- [Records supplied]:
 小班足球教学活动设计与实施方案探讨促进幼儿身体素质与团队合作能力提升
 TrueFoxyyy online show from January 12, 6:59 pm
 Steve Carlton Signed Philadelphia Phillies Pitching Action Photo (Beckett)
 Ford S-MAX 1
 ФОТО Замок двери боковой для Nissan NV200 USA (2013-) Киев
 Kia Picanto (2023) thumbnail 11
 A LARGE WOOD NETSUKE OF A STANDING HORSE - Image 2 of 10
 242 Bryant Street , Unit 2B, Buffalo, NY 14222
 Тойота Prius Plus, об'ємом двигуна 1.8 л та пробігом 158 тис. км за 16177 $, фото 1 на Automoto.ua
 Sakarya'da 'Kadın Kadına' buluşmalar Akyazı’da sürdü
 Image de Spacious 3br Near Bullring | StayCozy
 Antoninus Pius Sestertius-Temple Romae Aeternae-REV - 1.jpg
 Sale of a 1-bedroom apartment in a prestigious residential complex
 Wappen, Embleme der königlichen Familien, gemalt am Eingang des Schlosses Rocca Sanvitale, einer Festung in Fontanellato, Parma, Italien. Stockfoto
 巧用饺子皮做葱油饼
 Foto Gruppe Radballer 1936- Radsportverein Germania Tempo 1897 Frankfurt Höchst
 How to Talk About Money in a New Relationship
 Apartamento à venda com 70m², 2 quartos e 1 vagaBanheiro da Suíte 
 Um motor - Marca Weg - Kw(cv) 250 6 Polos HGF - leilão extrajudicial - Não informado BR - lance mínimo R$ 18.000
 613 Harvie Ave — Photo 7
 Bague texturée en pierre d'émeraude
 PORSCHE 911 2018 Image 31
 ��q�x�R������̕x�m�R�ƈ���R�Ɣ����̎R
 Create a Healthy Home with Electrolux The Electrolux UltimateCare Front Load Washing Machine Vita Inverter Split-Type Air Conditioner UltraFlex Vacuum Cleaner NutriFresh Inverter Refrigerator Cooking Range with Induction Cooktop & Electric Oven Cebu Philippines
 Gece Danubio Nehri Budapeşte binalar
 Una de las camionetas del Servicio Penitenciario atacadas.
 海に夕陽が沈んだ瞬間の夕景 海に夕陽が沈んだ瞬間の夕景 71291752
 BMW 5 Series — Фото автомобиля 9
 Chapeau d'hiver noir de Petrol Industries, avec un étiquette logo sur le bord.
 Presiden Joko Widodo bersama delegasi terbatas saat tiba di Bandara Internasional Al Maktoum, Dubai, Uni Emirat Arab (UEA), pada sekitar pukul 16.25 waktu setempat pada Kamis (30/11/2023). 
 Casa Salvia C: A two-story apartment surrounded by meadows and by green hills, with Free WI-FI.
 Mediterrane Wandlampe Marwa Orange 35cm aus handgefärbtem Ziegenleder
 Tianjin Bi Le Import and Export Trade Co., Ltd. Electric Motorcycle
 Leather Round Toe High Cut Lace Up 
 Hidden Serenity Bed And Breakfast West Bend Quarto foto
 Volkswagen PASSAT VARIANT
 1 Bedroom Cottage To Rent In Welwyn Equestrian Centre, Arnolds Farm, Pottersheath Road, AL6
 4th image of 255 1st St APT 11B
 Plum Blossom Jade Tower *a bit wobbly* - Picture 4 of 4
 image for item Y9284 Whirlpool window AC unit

- [Problem to solve]: In the listing above, find the line containing "TrueFoxyyy online show" and the line containing "Sale of a 1-bedroom", then retype both and every line between them exactly, with nothing else.

- [Result of this task]:
 TrueFoxyyy online show from January 12, 6:59 pm
 Steve Carlton Signed Philadelphia Phillies Pitching Action Photo (Beckett)
 Ford S-MAX 1
 ФОТО Замок двери боковой для Nissan NV200 USA (2013-) Киев
 Kia Picanto (2023) thumbnail 11
 A LARGE WOOD NETSUKE OF A STANDING HORSE - Image 2 of 10
 242 Bryant Street , Unit 2B, Buffalo, NY 14222
 Тойота Prius Plus, об'ємом двигуна 1.8 л та пробігом 158 тис. км за 16177 $, фото 1 на Automoto.ua
 Sakarya'da 'Kadın Kadına' buluşmalar Akyazı’da sürdü
 Image de Spacious 3br Near Bullring | StayCozy
 Antoninus Pius Sestertius-Temple Romae Aeternae-REV - 1.jpg
 Sale of a 1-bedroom apartment in a prestigious residential complex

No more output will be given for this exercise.